9Aus den Entscheidungsgründen des angefochtenen Urteils, die insoweit auch im Wesentlichen in der Beschwerdebegründung dargestellt werden, ergibt sich vielmehr, dass das LSG genau die Argumentation aufgegriffen hat, die bereits Gegenstand des erstinstanzlichen Urteils und insbesondere der Berufungsbegründung der Beklagten (mit Hinweisen ua auf ein Urteil des Sozialgerichts für das Saarland vom - S 26 AL 2/11 WA) war.

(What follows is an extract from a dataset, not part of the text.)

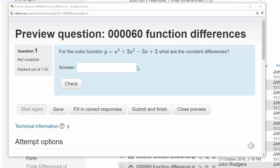We are being asked to find the constant differences of this cubic function, y equals x cubed plus 2x squared minus 3x plus 2. We could actually calculate this by hand, but let's not do that. Let's calculate it using a spreadsheet.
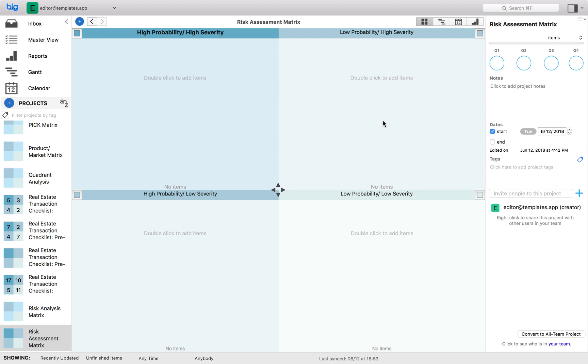Quadrant two: low probability, high severity. Generally, half your time should be spent here and half on quadrant three. The decision depends on mission criticality of the risks.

Die entscheidende Frage, ob die französische Rente der Kategorie 2 der deutschen Rente wegen voller Erwerbsminderung vergleichbar ist oder nicht, hat das LSG unter Eingehen auf die während des Verfahrens bereits vorgetragenen bzw aus den Akten ersichtlichen Argumente erörtert. Soweit das angefochtene Urteil (vorwiegend zusätzlich in Klammerzusätzen) Hinweise auf die eingangs genannten französischen Vorschriften enthält, ist nicht ersichtlich, inwiefern der im Berufungsverfahren rechtskundig vertretene Kläger gehindert gewesen sein sollte, zu diesen Vorschriften Stellung zu nehmen und sich insoweit rechtliches Gehör zu verschaffen (vgl zu dieser Obliegenheit ua ; BSGE 68, 205, 210 = SozR 3-2200 § 667 Nr 1).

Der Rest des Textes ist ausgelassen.